1. Announcing our latest site: Quality Watch

    It’s been a while since we posted on the team tumblr, and what better way to break the ice than with an announcement of a new client site launch?

    The latest addition to our portfolio is Quality Watch: a website to support a research programme run by The Nuffield Trust and The Health Foundation to examine the effects of economic austerity in the NHS.

    It’s built on Drupal 7, is mobile first, is functional right down to IE7 and leveraged our whitelabel features to kick start the build process. There was a requirement to provide an interface between the website and the research team (whose tools of the trade are predominantly spreadsheets), so we suggested github to store data about their charts and maps. We wrote custom code to pull changes from that repo and turn them into Drupal nodes and pretty rendered charts/maps using highcharts.js/polymaps.js respectively.

    This new site represents a fantastic result for Team Drupal owing to the tight delivery timescale and some challenging requirements. We think the end result speaks for itself and if you haven’t already, we’d encourage you to go have a look at it right now… preferably at least twice to see how it behaves between media queries!

    http://www.qualitywatch.org.uk

  2. Implementing most popular content listings in Drupal powered by Google Analytics data

    We recently implemented a feature to display ‘most popular’ content on the WRAP and Zero Waste Scotland websites in order to improve the visibility of popular content on their existing taxonomy pages and complement the existing ‘Latest content’ listings.

    A high level overview of the feature can be found on my recent Torchbox.com blog post.
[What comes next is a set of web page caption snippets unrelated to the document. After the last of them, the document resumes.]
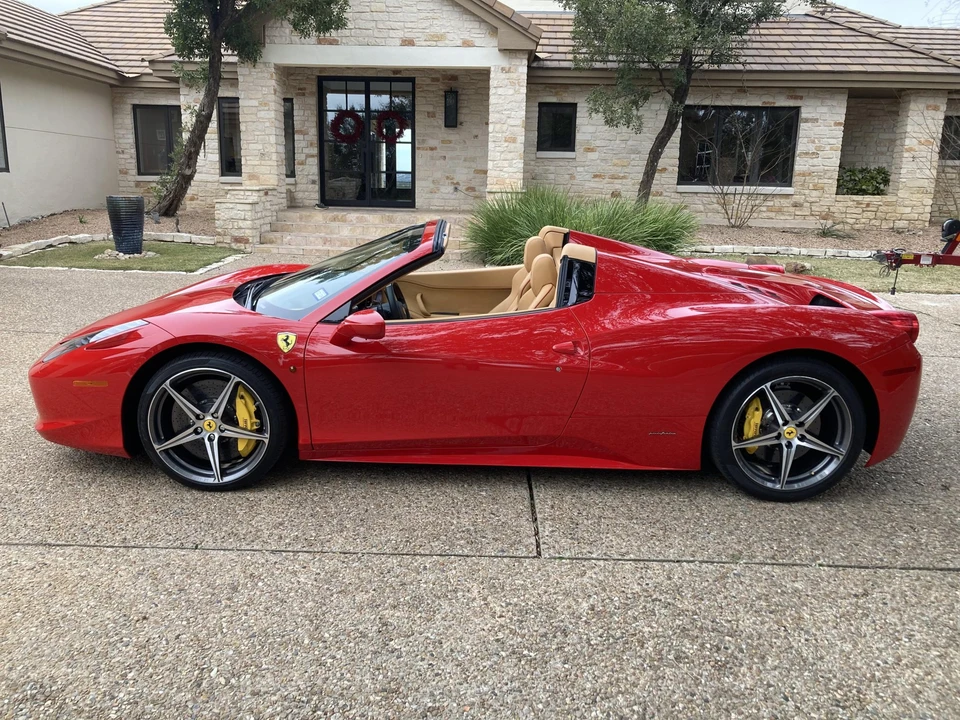 2015 Ferrari 458 Spider - Image 20 of 31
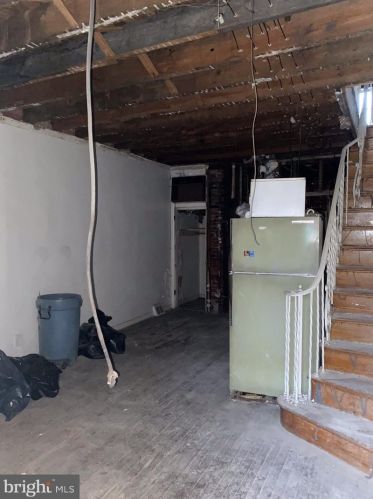 2015 Emily St, Philadelphia, PA 19145-2822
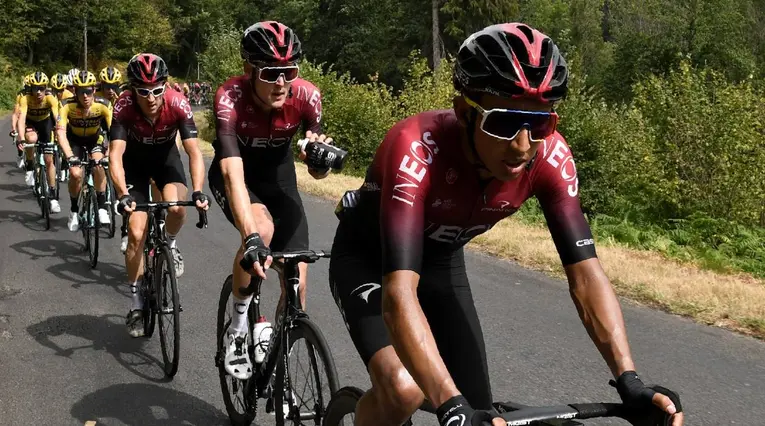 Ciclistas del INEOS: Bernal, Sivakov y Thomas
This post is the technical compliment to it where I can elaborate on some of the decisions and implementations of what went into the feature.

    Choosing a data source:

    Drupal comes with its own internal statistics module which can be used to track how many users have viewed a given node. It’s not particularly sophisticated and relies on a session of some variety to be able to associate a view event to a node. With something like Pressflow (or Drupal 7) anonymous users no longer have an anonymous session cookie set to ensure compatibility with HTTP caches such as Varnish.

    In the same manner, contrib modules such as radioactivity also rely on an active user session (anonymous or otherwise) and can also add a significant level of database load (update queries on every node view event) on high traffic sites. Even by queueing some of these updates in-memory through something like memcached and flushing to the database at less frequent intervals there is still a significant performance consideration on top of incompatibility with Varnish.

    WRAP and ZWS had well established Google Analytics profiles and Analytics has a great API. The downsides are that Analytics doesn’t understand which paths are nodes, which are views based and what taxonomy term a certain path relates to. On balance, this is perfectly acceptable, and this is covered a little later in the post.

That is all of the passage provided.